For the taxpayer, it opens the risk of having paid more than Sh3 billion for the system.

Interestingly, at the time the NHIF was buying the system, the Directorate of Criminal Investigations (DCI) was combing through hundreds of document pages to find how and why the state-owned insurer paid Sh1.88 billion to hire Webtribe’s system.

The investigation was hinged on the fact that the NHIF had, in 2014, advertised a tender for the purchase of a digital payments system, but handed Webtribe a three-year contract for collection of revenue using the privately owned firm’s Jambopay platform.

Mismanaged public funds

And when the contract expired in 2017, the NHIF twice extended Webtribe’s contract before finally opting to procure a system that it would own.

The NHIF’s purchase of the system in 2018 all but confirmed what the DCI detectives had been looking for – evidence that the state insurer had grossly mismanaged nearly Sh2 billion of public funds for four years.

Under the purchase contract, Webtribe would install the system over a two-year period, and the funds would be released in four tranches pegged on agreed milestones.

The contract was signed on June 6, 2018.

Six months later, NHIF chief executive Geoffrey Mwangi and his predecessor Simon Kirgotty were charged with abuse of office and violation of procurement and public finance management laws for entangling the state-owned insurer with Webtribe.

Webtribe directors Danson Muchemi and Robert Muriithi were among the 17 people charged with misuse of public funds, but Director of Public Prosecutions (DPP) Noordin Haji later dropped charges against the two and converted them into witnesses.

In its case filed at the Milimani High Court, Webtribe argues that the state insurer has refused to pay, or even attend negotiation meetings over the debt.

Before Webtribe and its directors were turned into witnesses as part of the charges being dropped, Chief Magistrate Douglas Ogoti had ordered the firm to continue offering its services to the NHIF as stipulated in the purchase contract.

One month before the Jambopay owners were charged, they invoiced the NHIF for Sh148.5 million as the first tranche of payments under the two-year deal. NHIF did not pay.

A second invoice of Sh99 million was not paid either.

Collecting revenue

On March 1, 2021 Webtribe sent a third invoice of Sh49.5 million which was also not honoured.

Webtribe now says in court papers that it contemplated halting services to the NHIF, a move that would have hurt thousands of patients across the country, but that the firm was forced to abide by court orders to continue collecting revenue on the state insurer’s behalf.

Neither the NHIF nor Attorney General Paul Kihara Kariuki has responded to the suit.
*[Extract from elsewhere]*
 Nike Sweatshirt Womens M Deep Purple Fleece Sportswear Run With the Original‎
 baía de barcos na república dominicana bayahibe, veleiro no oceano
“The challenges and frustrations experienced in performance of the contracts above referred to notwithstanding, between December 28, 2018 and September 23, 2020, it (Webtribe) collected for the NHIF Sh28.5 billion. Webtribe has incurred heavy costs in running the system, collecting revenue for NHIF including personal costs, support and maintenance costs and payments to third party service providers, including internet service providers, trustees of the collected funds, rent and rates, network maintenance and network security,” Mr Muchemi says in court papers.
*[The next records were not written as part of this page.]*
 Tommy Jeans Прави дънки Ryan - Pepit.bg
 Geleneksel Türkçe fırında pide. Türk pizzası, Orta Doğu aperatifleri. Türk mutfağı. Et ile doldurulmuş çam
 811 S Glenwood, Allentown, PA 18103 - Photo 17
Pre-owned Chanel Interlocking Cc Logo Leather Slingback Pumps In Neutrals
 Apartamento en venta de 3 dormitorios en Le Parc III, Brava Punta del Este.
He says that the NHIF’s non-payment has crippled the firm, and it was forced to lay off workers to stay afloat.

One of the firm’s workers, Mr Joseph Gathuka, last year sued Webtribe for failing to pay him his dues of Sh1.2 million after the firm laid him off.

Aside from the terminal dues, Mr Gathuka is claiming Sh1.075 million in unpaid salaries between December, 2019 and April, 2020 when he was declared redundant.
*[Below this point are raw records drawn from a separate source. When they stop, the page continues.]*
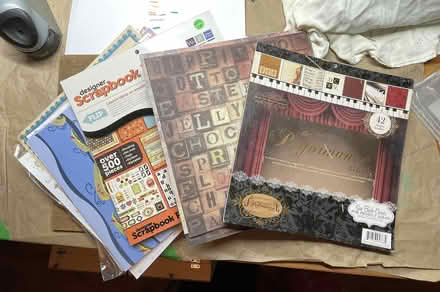 Photo of free scrapbooking paper (Ottawa -Hunt Club) #1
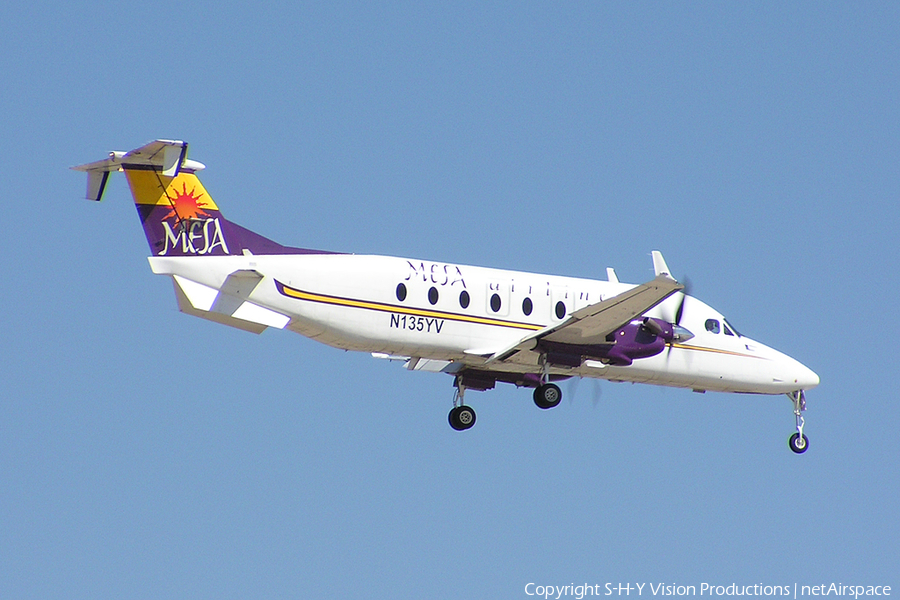 Mesa Airlines Beech 1900D (N135YV) | Photo 2893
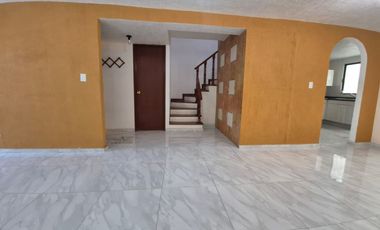 CASA EN RENTA CON OPCION A VENTA EN PRIVADA EN EL OLIMPO TRES RECAMARAS DOS ESTACIONAMIENTOS TOLUCA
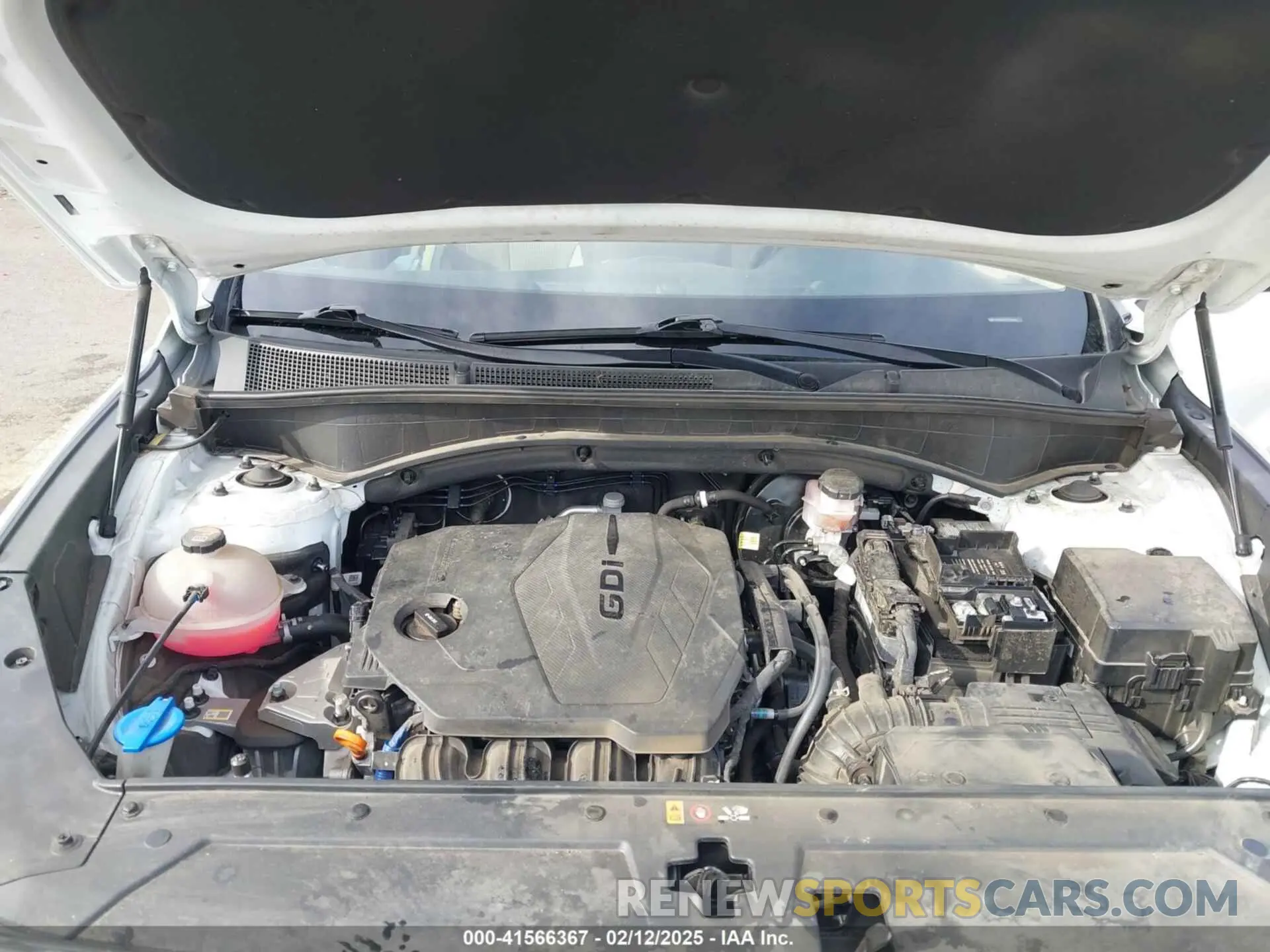 10 Photograph of a damaged car 5NMS1DAJ1PH562651 HYUNDAI SANTA FE 2023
Mr Muchemi, in that case, said that Webtribe has been paying laid off staff in installments of Sh70,000 every month.

In the case against the NHIF, Webtribe says that there are several other former workers that are owed terminal dues and could follow Mr Gathuka’s route.

Webtribe had initially demanded a blanket Sh804 million compensation from the NHIF, but lowered its claim after analysing costs incurred after its contract with the NHIF expired in September, 2020.